Claims-Made vs. Occurrence Insurance Policies
What is a “claims-made” policy?
With a claims-made policy, for a claim to be covered it has to be reported during the policy period (i.e., the active life of a policy). In other words, your coverage must be active both when the alleged incident occurs and when the claim is filed.
Say you have a Professional Liability policy that's active from January 1, 2016 to December 31, 2016. Then the following happens:
- You create an app for a retail client in October 2016.
- On January 1, 2017, you don’t renew your Professional Liability policy.
- On January 15, 2017, you find out that you’re being sued by the client because technical problems with your app have prevented sales and driven customers away.
- You file the claim to your insurance company that same day, hoping to get coverage for legal costs associated with the lawsuit. But your claim isn’t covered because you filed it after the policy period ended.
In the above example, though the incident itself occurred during the policy period (the incident being your construction of the app in October), the claim did not. For the claim to receive coverage, it had to have been reported before the end of 2016, when your policy expired.
However, all is not lost: let’s take that exact same example but assume that you do renew your policy come January 1, 2017. In most cases, as long as you’ve had continuous coverage between the incident and the claim, your policy will offer coverage.

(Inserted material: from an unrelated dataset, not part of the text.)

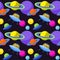 Bright cosmic seamless pattern background with funny cartoon ufo and planets in open space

What is an “occurrence” policy?
With an occurrence policy, coverage is triggered if the events causing a claim occur during the policy period. The claim can happen after the policy period has ended. Using the above example, if your policy was an occurrence policy, your claim on the January 15, 2017 could have been covered, even if you hadn’t renewed the policy.
Think of an occurrence policy working in this way: you must have an active insurance policy in place when an incident happens, even if you don't get sued until long after.
Visualizing Claims-Made Coverage
John Cross, insurance professor at California State University, Fullerton's Mihaylo College of Business and Economics (@CSUFMihaylo), helps explain the concept of claims-made insurance.
Put a line chart on a board, Cross says. This line represents the policy term. Place an “X” in the policy term where an accident occurs. Then, place another “X” where the claim is reported. If the point where the claim is reported falls somewhere on the line of the policy term, then that claim can be covered. (In the image below, this is illustrated by Incident A and Claim A.)
What if the incident occurs before the policy period?
Many claims-made policies also come with a retroactive date – the earliest point at which an incident could occur and still be covered.
“To illustrate this, I'll usually place that date to the left of the line chart,” Cross says. “Then, I am able to illustrate that with a retroactive date, essentially, both the occurrence and the claim must follow that date and the claim must be made during the policy term.” (In the image above, this is illustrated by Incident B and Claim A.)
Coverage Gaps and Tail Coverage
When switching insurance policies, it’s important to ensure your business has continuous coverage, especially with claims-made insurance. If a claim is reported between the time one policy ends and another one starts, then you’re out of luck when it comes to getting a claim covered.
Cross also points out that just because you may close your business, it doesn’t mean a claim won’t still happen. Lawsuits often are filed months – or even years – after the events that cause them.
If you’re closing your business and you had claims-made coverage, be sure that you keep that coverage extended after your business is ended. This is known as tail coverage, which you can secure with an Extended Reporting Form. Without it, you could be sued for an event that occurred months ago but not have any way to get insurance funds. The tail coverage would help for Claim B, regardless of when the incident occurred.